Friday, January 21, 2011

Black Eyes

Being night blind, Alaska’s long winter nights don’t jive particularly well with me.  However!  On the bright side, it stays bright late into the summer evenings and early summer mornings.  All the sun’s essential benefits which get missed in winter must be replenished with all speed and desperation during the short window that is the Alaskan summertime.  On sunny nights, in lieu of a house party, we’d gather along Cook Inlet’s shoreline, burning bonfires and drinking beside the slowly setting sun.  Gravelly sand and mudflats comprise the Anchorage coastline, which is sprinkled with rocks and boulders, seaweed, driftwood and other flotsam and jetsam.  Though the cops tried to bust them up, many a “beach party” was held on Point Woronzov, and with pallet fires and cheap beer, it could look pretty Santa Cruz on a warm summer evening.               

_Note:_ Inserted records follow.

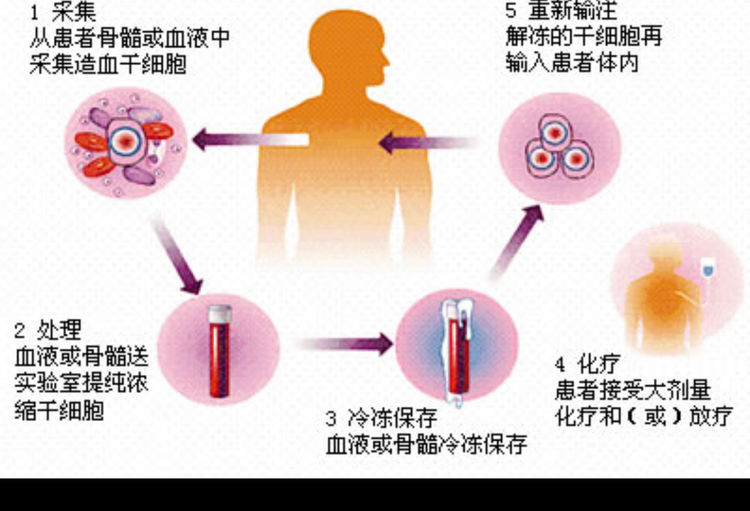 艾滋病治愈_艾滋功能性治愈_2030年艾滋治愈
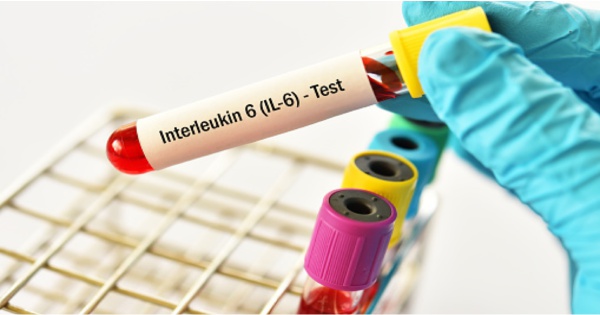 Interleukin-6 ( IL-6) Test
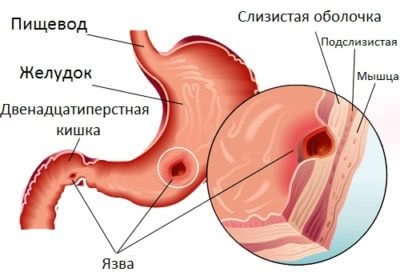 Herniation of stomach - ce este aceasta, cum să tratăm
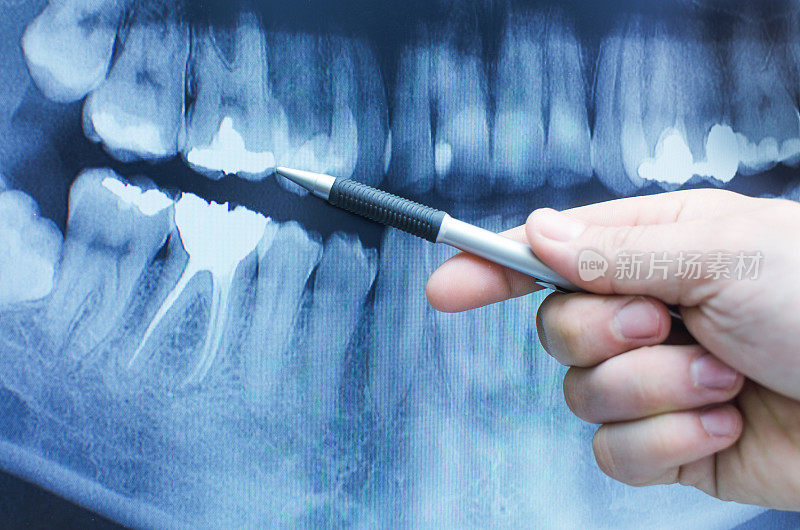 牙科医生在牙科x光图像上显示了一些东西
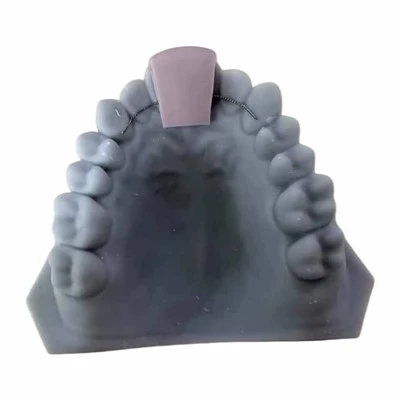Lingual Bonded Retainer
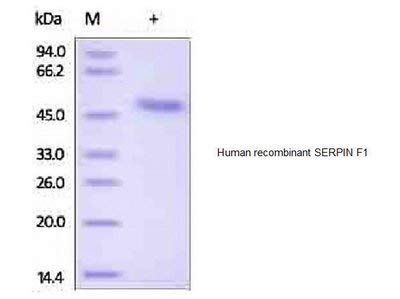 7418-50-Dimensiune: 50 micrograme-CellExp uman SERPIN F1, recombinant uman-fiecare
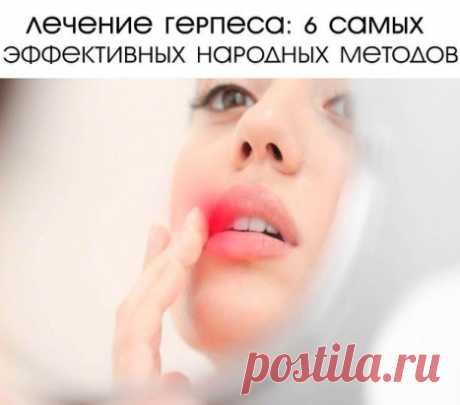 ЛЕЧЕНИЕ ГЕРПЕСА: 6 САМЫХ ЭФФЕКТИВНЫХ НАРОДНЫХ МЕТОДОВ
Зная эти простые советы, ты больше не будешь переживать из-за своего внешнего вида во время обострения инфекции герпеса: мы открыли секрет, чем лечить герпес в домашних условиях.
Герпес на губах или то, что мы называем простудой кожи лица с давних времен известно человечеству. Герпес-это простой вирус, живущий в человеческом организме который иногда дает знать о себе.
Перекись водорода
Если на губе уже успели выскочить волдыри, лучше всего п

One night on Point Woronzov sticks particularly well with me.  It was a typical bonfire with Shep, Michele, Fred, Oatzy, JD, and assorted others.  On this occasion, a man I didn't know constantly jabbed at me about my eyesight, laughing when I tripped over driftwood and being a general dick.  I tried ignoring him, and my friends repeatedly told him to knock it off.  So I’d trip on a beer box, and he’d giggle with delight.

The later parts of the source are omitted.